Copy the entries word for word. Keep the pictures out.

--

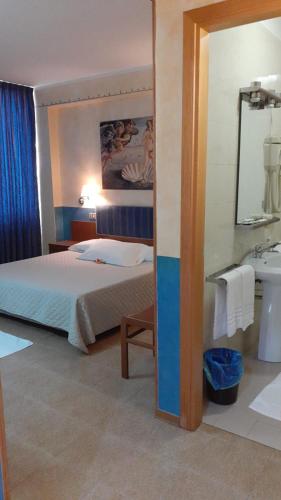 Deluxe Double Room with Extra Bed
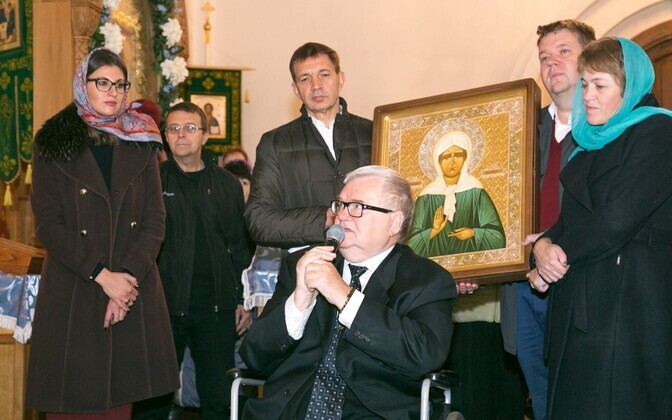 Эдгар Сависаар и Урмас Сыырумаа подарили икону ласнамяэскому храму.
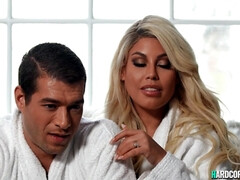 In den arsch, Blasen, Braunhaarige, Hardcore, Küche, Latina, Hausmädchen, Pornostars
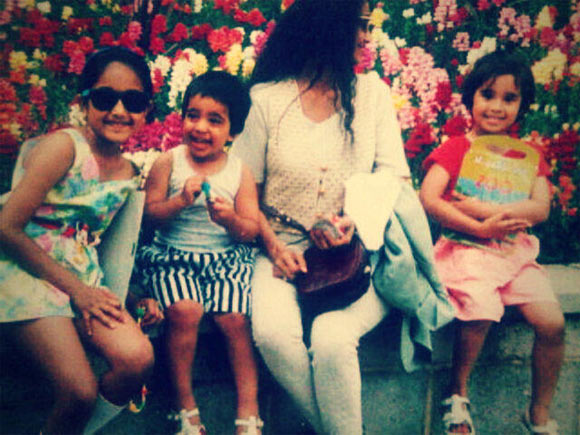 Jiah Khan with her mother and sisters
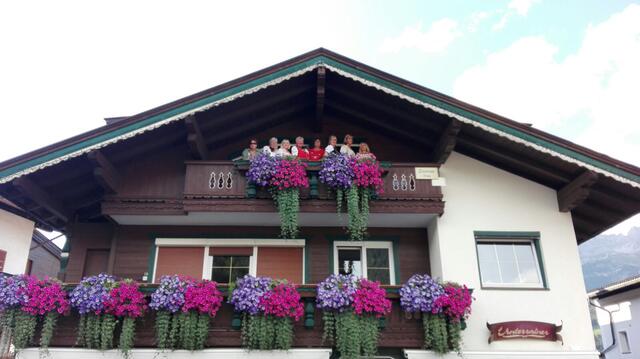 Hostel The ALP King - gleich geht es los zum Dorffest. Schick im Dirndel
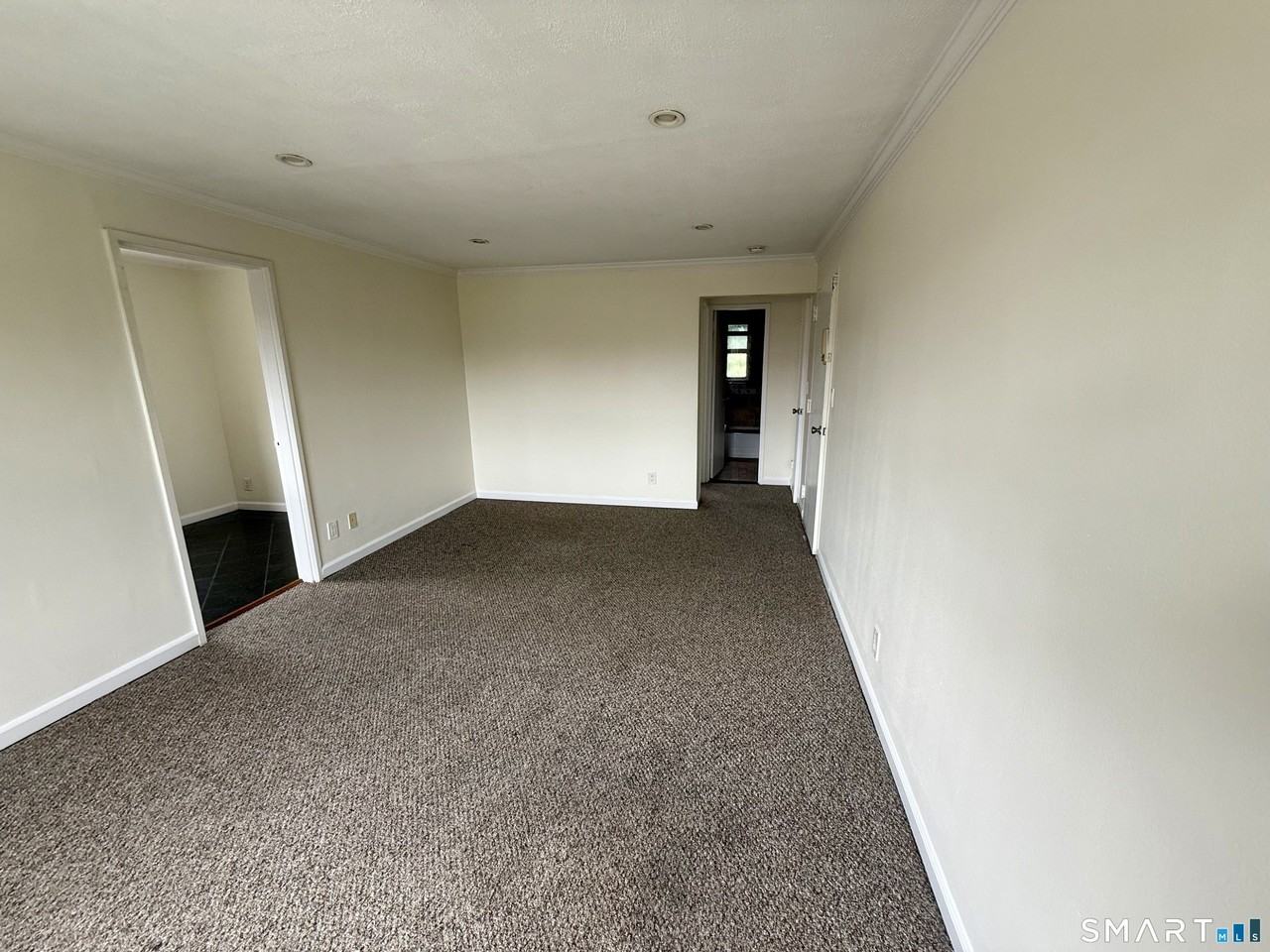 190 Seaton Rd #3 - Photo 3 of 11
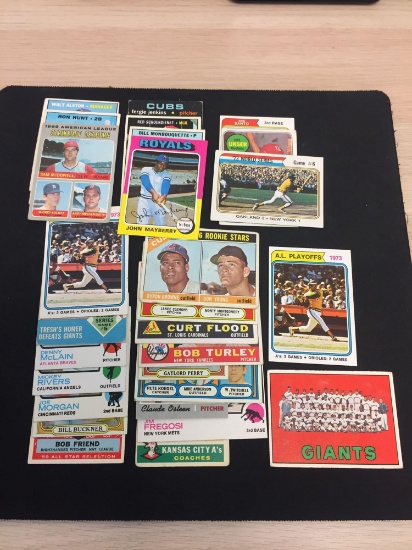 28 Count Lot of 1959-1974 Topps Vintage Baseball Cards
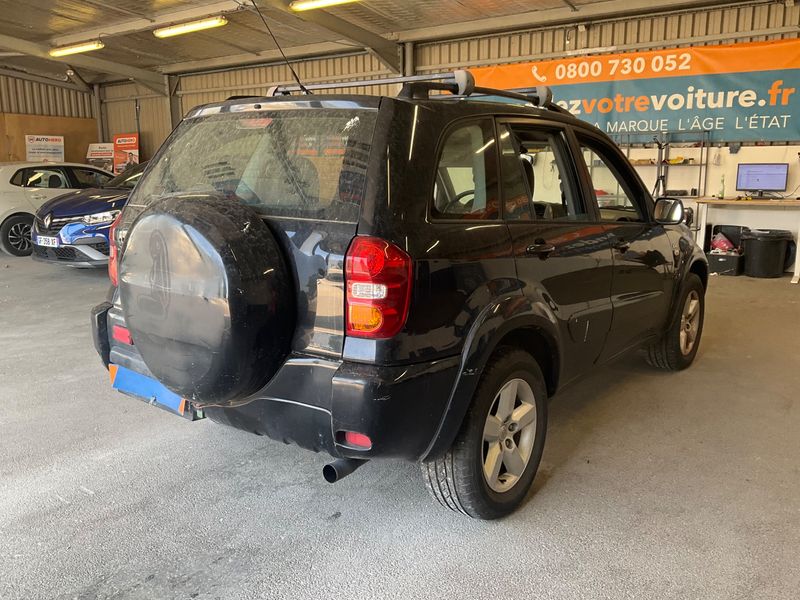 Toyota RAV 4 2.0 D-4D 4x4 — zdjęcie 2
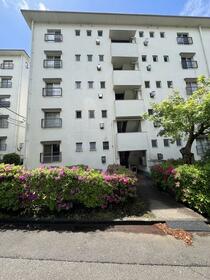 左近山団地３街区１号棟
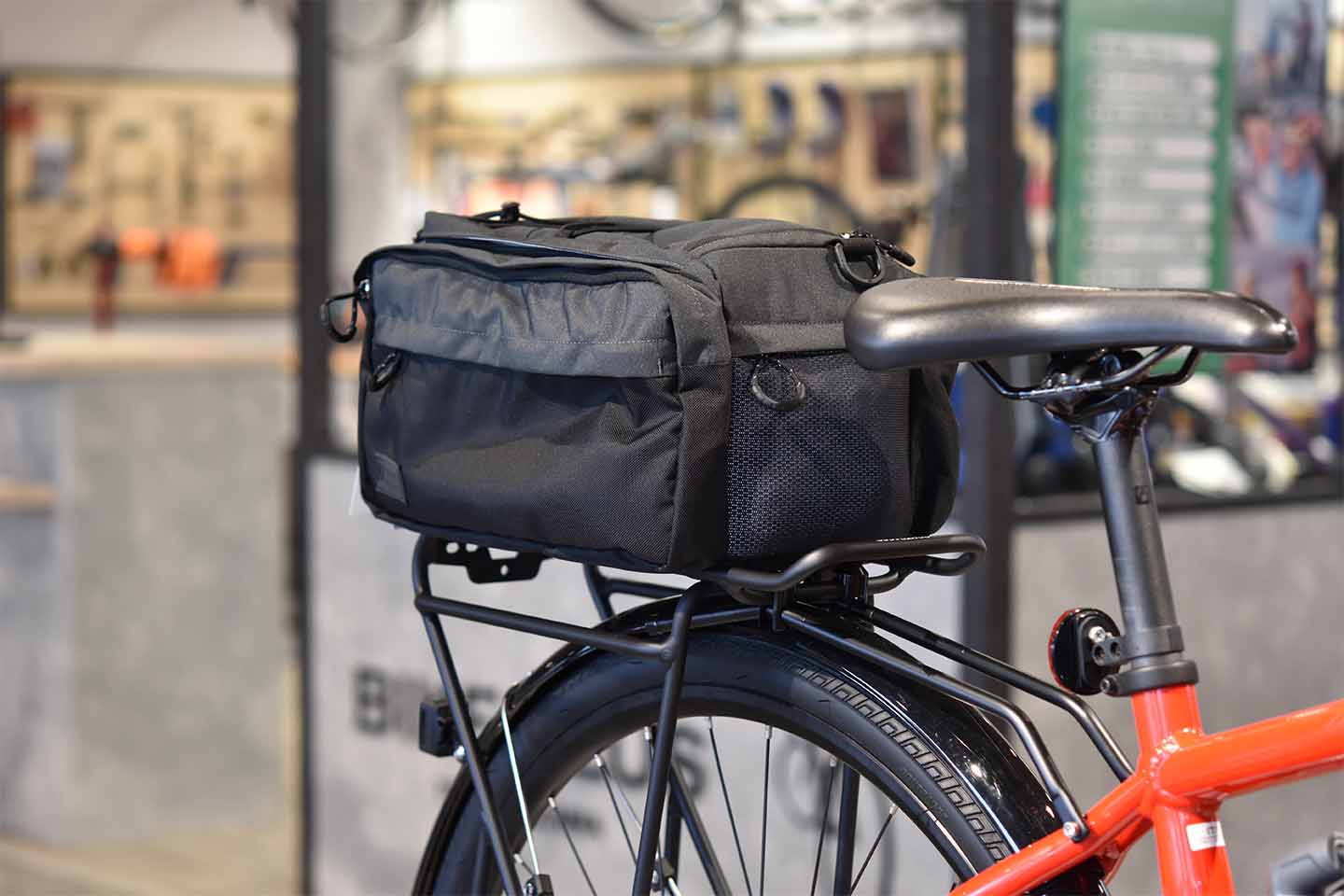クロスバイクにリアキャリアを付けた写真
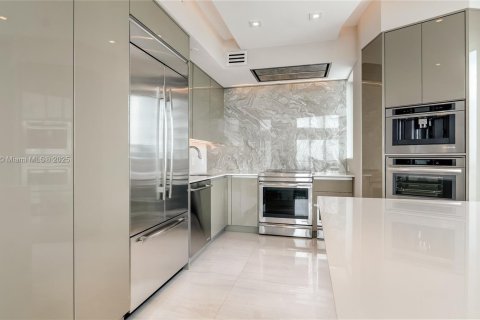 Condominio en venta en Miami, Florida, 3 dormitorios, 224.36 m2 № 1946557 - foto 7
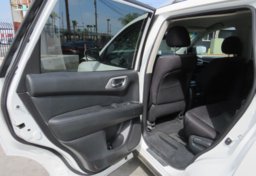 2020 Nissan Pathfinder - Image 27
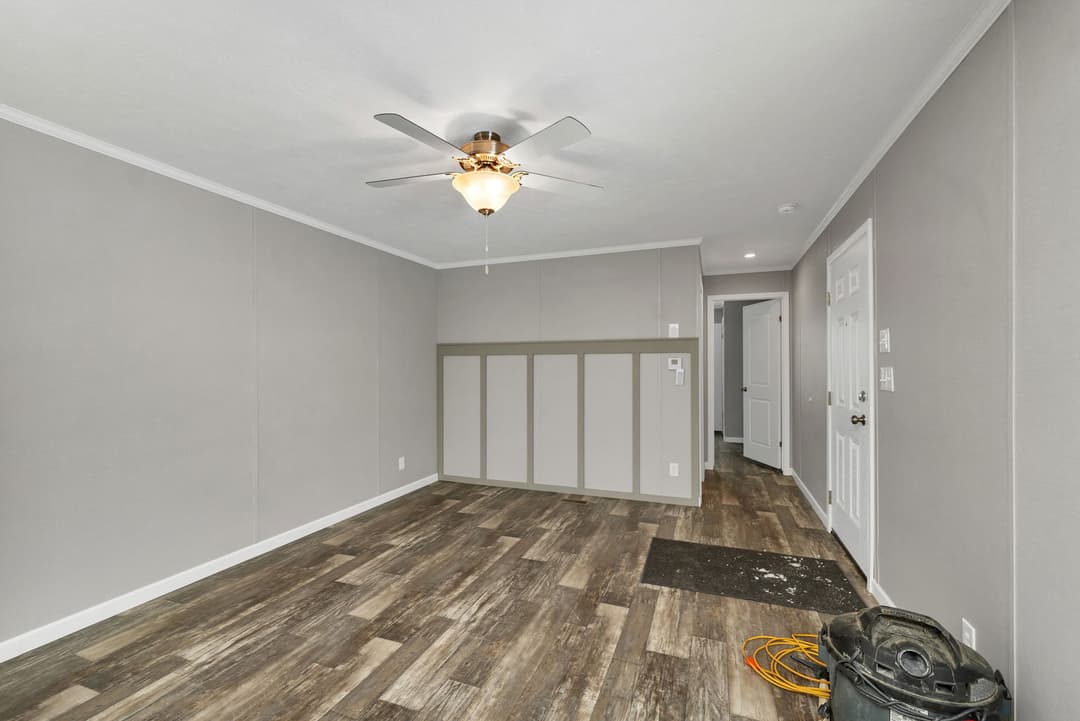 Zenith 6803 interior home features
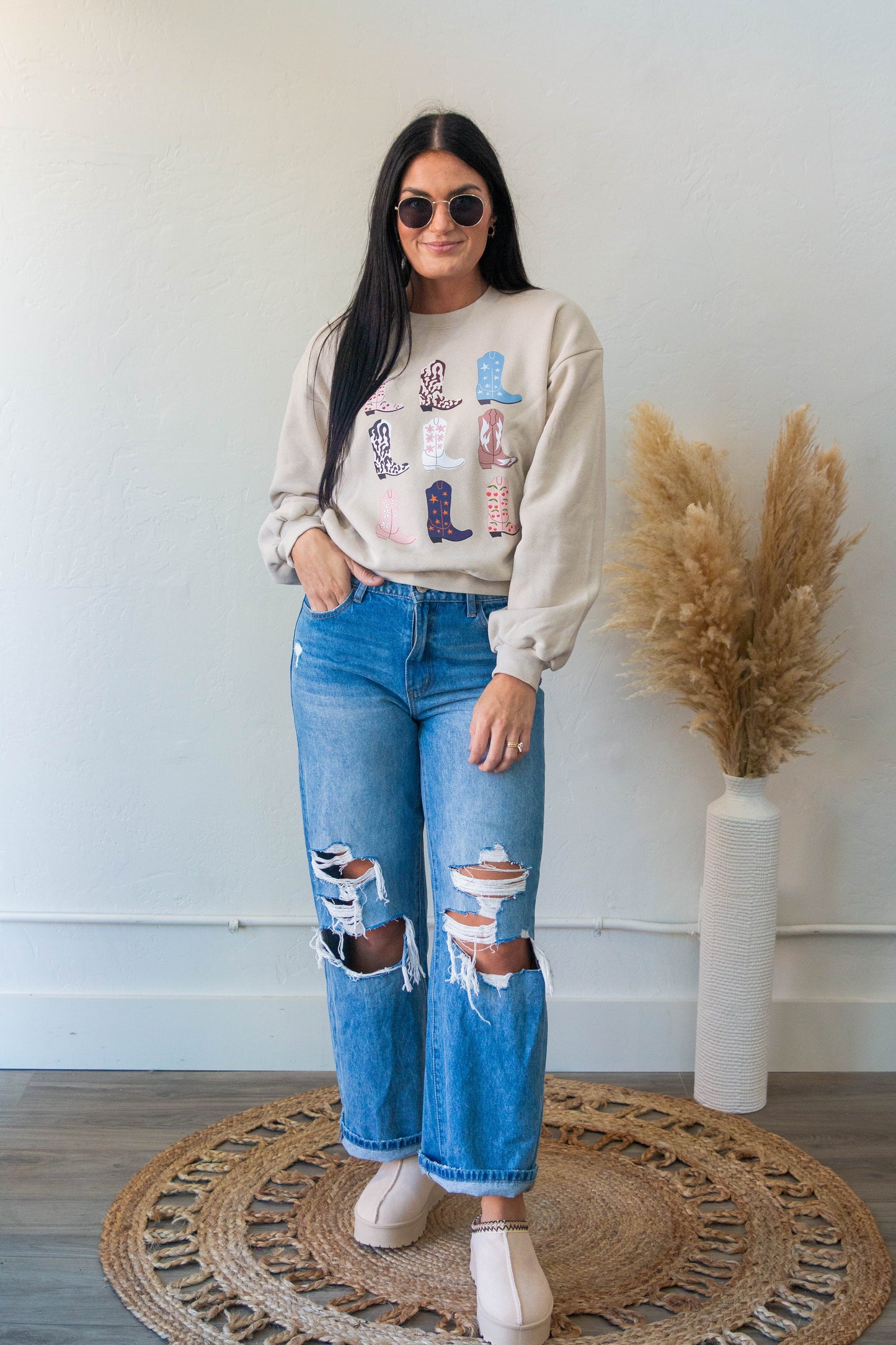 Vintage Boot Cropped Sweatshirt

--

◆ REPLY TO THE TASK:
 Deluxe Double Room with Extra Bed
 Эдгар Сависаар и Урмас Сыырумаа подарили икону ласнамяэскому храму.
 In den arsch, Blasen, Braunhaarige, Hardcore, Küche, Latina, Hausmädchen, Pornostars
 Jiah Khan with her mother and sisters
 Hostel The ALP King - gleich geht es los zum Dorffest. Schick im Dirndel
 190 Seaton Rd #3 - Photo 3 of 11
 28 Count Lot of 1959-1974 Topps Vintage Baseball Cards
 Toyota RAV 4 2.0 D-4D 4x4 — zdjęcie 2
 左近山団地３街区１号棟
クロスバイクにリアキャリアを付けた写真
 Condominio en venta en Miami, Florida, 3 dormitorios, 224.36 m2 № 1946557 - foto 7
 2020 Nissan Pathfinder - Image 27
 Zenith 6803 interior home features
 Vintage Boot Cropped Sweatshirt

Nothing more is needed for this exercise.